4:16 shout. The “shout” is a military command; the great event is described as a military assault with the great host of heaven, under the command of an (not “the”) archangel (probably Michael—compare Jude 9; Revelation 12:7-9), penetrating Satan’s domain (i.e., “the prince of the power of the air”—Ephesians 2:2; 6:12). The Lord Jesus Himself will lead the mighty army of heaven, and Satan’s hosts are powerless to stem the tide. The old “strong man” of this world—that is, the Devil—will soon be bound, and the Lord “will spoil his house” (Matthew 12:29), raising the dead and rapturing into the air all His redeemed ones, whether living or sleeping.

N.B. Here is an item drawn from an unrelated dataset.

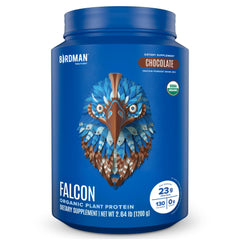 BIRDMAN Falcon chocolate protein powder bag highlighting organic ingredients and clean nutrition.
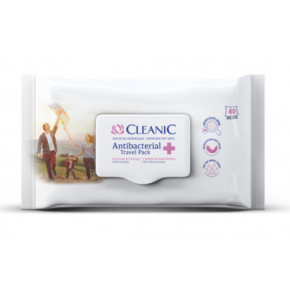 Cleanic Antibacterial Wet Wipes Drėgnos servetėlės 40vnt.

4:17 caught up. “Caught up” means “raptured” (Greek harpazo; the same word is used in II Corinthians 12:2,4; Acts 8:39 and Revelation 12:5). The English word “rapture” comes from the Latin raptus, meaning “seized” or “carried away.” This verse, of course, is the classic defining passage on the great doctrine of the “rapture of the saints,” caught out of this world to be forever with the Lord.
4:17 together with them. The dead in Christ will first be resurrected, their bodies once again serving as the temples of their souls and spirits, but made immortal (see I Corinthians 15:51-54). Then those saints living at the time (quite possibly many in this present generation) will likewise receive immortal, glorified bodies like that of the Lord Jesus Himself (I John 3:2; Philippians 3:20,21), and be caught up “together with them.” Then both living and dead believers, all reunited in the rapture, will together meet the Lord in the air.
4:18 comfort. “Comfort” equals “strengthen.” When we have such a blessed hope to share, it is surely reasonable that we “sorrow not, even as others which have no hope” (I Thessalonians 4:13) when our loved ones die.